The daughter of the late Chief Andy Frank and Margaret Frank, Mary has helped promote indigenous culture in the K’omoks First Nation and the greater community. Through story-telling in School District 71, she teaches the K’omoks history to students.
“My father used to do it for the school district and also for the Girl Guides, and the Scouts. I guess I picked up a few things. I remember bringing my father to school as my show and tell,” said Everson, a mother of eight, grandmother of 13 and great-grandmother of three. “I want a seed for them (students) to be able to grow something that finds out who they are, as an individual, because we’re all different. We’re not the same. Even kids in the same family are not the same.”
Mary and her husband, Wayne Everson, have been married for 53 years. Their eldest child, Rob, is the hereditary Chief of the Gigulgum Walas Kwagiuth. Their family started the Kumugwe Dancers to raise interest and involvement in the culture.
“I was raised in the culture from the time I was born,” Mary said. “It was paramount for me to be able to pass it on to my kids, and now my grandchildren. I’m still doing this, and I’m in my 70s. No retirement for this lady.”
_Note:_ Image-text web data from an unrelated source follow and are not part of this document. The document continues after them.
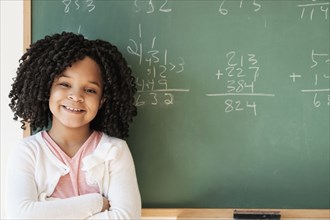 African American student smiling near chalkboard in classroom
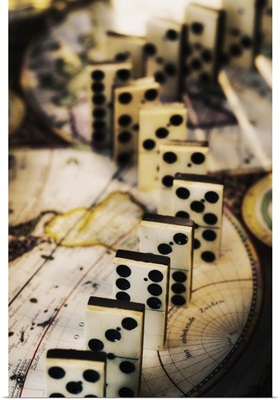 Row of dominoes on old world map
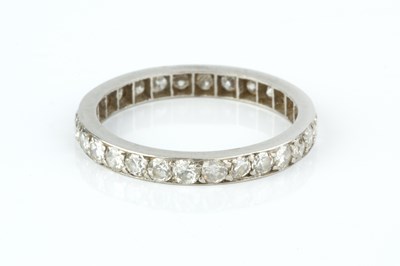 Lot 243 - A diamond full hoop eternity ring, set...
Besides schools, she speaks with the Probus and Rotary clubs, and with Elderhostel International. Everson has also served on advisory boards and committees, including the Aboriginal Education Council and Head Start. For the past 10 years, she has been president of the Kumugwe Cultural Society. She has also helped to preserve the K’omoks Big House, which her father built in 1959.
Mary is one of the Elders in the community who speaks Kwakwalla.
“I’m not as fluent as I used to be as a child, but I remember a lot of stuff,” she said.
Things need to be passed on down, which is really important. That’s how your identify is always alive.”